Yet the situation still looked dire enough that the County Board felt compelled to take more drastic steps to win Northam to their side. The county shelled out $22,500 to hire a well-connected lobbying firm for just a few weeks, embarking on a frenetic campaign to pressure the governor and state lawmakers and launch a media blitz to broadcast the county’s position in both local and national outlets.
“It became apparent to all of us that every Arlingtonian had something at stake here,” then-County Board Chair Katie Cristol told ARLnow. “At a time when we were making excruciating decisions about our own budget, the idea that you would take more than million dollars and put it toward something that wasn’t a priority for anyone here was so frustrating.”
That push was ultimately successful — Northam vetoed the bill last April, and the county struck a deal with the clubs to end this fight a few weeks later.
An ARLnow investigation of the events of those crucial weeks in spring 2018 sheds a bit more light on how the county won that veto, and how business is conducted down in the state capitol. This account is based both on interviews with many people close to the debate and a trove of emails and documents released via a public records request (and published now in the spirit of “National Sunshine Week,” a nationwide initiative designed to highlight the value of freedom of information laws).
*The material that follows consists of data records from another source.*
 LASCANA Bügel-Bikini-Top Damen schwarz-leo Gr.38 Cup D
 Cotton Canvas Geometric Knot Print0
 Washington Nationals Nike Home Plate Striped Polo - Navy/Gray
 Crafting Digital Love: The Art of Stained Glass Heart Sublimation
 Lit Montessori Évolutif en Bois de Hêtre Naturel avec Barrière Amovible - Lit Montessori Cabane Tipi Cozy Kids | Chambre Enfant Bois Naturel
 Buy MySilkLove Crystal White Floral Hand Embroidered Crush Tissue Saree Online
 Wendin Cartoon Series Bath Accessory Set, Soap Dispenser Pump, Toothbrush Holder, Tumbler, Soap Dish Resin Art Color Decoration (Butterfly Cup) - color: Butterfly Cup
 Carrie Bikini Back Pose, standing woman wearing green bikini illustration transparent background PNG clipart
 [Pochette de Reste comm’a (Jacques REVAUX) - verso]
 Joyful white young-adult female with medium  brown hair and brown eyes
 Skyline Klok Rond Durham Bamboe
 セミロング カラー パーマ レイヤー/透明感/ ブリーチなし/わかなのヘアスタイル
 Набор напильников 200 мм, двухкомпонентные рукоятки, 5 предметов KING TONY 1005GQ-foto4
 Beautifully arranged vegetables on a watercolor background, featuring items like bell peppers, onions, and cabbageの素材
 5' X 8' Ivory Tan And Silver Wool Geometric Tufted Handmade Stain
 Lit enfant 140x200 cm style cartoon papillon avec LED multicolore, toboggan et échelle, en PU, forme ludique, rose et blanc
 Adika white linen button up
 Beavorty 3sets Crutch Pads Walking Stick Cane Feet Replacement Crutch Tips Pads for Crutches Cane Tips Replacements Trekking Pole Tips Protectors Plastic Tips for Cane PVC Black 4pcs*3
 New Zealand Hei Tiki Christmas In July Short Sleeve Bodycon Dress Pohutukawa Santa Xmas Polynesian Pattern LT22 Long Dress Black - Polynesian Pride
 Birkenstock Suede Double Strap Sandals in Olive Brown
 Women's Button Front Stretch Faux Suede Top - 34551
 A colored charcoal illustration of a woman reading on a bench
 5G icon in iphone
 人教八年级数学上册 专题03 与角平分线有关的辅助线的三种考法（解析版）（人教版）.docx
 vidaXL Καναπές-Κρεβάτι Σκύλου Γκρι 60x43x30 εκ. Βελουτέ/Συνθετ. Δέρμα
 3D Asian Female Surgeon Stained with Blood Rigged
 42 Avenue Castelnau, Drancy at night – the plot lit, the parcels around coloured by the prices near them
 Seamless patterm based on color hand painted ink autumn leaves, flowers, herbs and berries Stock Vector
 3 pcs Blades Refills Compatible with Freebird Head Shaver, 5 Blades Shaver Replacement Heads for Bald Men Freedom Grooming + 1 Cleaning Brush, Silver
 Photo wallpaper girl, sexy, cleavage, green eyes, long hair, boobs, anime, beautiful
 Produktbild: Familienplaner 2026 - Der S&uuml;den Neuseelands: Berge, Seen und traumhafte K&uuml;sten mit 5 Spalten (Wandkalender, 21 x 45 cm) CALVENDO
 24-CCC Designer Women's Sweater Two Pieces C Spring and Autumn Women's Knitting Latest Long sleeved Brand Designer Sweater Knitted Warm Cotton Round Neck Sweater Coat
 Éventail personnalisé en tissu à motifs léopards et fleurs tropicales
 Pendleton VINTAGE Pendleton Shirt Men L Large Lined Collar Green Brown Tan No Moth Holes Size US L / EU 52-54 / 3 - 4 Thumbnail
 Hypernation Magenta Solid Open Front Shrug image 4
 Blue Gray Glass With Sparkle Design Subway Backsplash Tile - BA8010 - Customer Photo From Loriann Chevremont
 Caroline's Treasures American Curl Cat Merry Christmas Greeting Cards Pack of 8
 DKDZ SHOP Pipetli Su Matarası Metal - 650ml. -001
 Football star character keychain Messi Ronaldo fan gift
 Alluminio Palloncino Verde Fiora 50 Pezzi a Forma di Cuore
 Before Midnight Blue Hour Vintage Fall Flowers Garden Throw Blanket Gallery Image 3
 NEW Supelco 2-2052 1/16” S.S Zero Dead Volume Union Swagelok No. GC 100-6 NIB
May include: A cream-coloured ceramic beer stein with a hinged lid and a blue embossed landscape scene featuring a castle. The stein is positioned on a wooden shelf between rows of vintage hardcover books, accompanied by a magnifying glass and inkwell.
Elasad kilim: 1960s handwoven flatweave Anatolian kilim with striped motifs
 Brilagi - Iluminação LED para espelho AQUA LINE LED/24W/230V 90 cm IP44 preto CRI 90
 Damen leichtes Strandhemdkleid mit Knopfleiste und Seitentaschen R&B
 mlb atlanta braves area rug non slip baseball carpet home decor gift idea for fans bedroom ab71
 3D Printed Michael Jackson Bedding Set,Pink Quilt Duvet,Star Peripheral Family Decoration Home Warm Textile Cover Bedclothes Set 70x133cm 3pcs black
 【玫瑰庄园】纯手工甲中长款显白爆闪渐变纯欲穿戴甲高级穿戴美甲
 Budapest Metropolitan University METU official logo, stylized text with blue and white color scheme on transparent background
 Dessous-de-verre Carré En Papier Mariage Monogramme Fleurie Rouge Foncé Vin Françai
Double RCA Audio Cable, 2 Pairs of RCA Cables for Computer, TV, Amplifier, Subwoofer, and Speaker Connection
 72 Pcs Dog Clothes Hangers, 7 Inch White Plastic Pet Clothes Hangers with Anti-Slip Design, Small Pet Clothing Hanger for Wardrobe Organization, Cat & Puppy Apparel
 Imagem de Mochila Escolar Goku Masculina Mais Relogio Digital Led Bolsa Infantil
Crucially, ARLnow’s research shows that the process was anything but smooth sailing for the county, as it pit Arlington directly against the club’s members. Many of them exercise plenty of political influence across the region and the state, and documents show they were able to lean heavily on Northam himself.
“One would expect a Democratic governor to be highly responsive to one of most Democratic jurisdictions in the state,” said Stephen Farnsworth, a professor of political science at the University of Mary Washington in Fredericksburg. “But this was a matter of great concern to a bunch of very important people in Virginia, and that may well be the reason why additional efforts were necessary.”
And, looking forward, the bitter fight over the issue could well have big implications should similar legislation ever resurface in Richmond.
“Structurally, this bill could absolutely come back someday,” Cristol said. “And the idea that a bill that has such deleterious consequences for land use and taxation in jurisdictions across Virginia could come back and garner support because of an effective lobbying interest is very much a real threat.”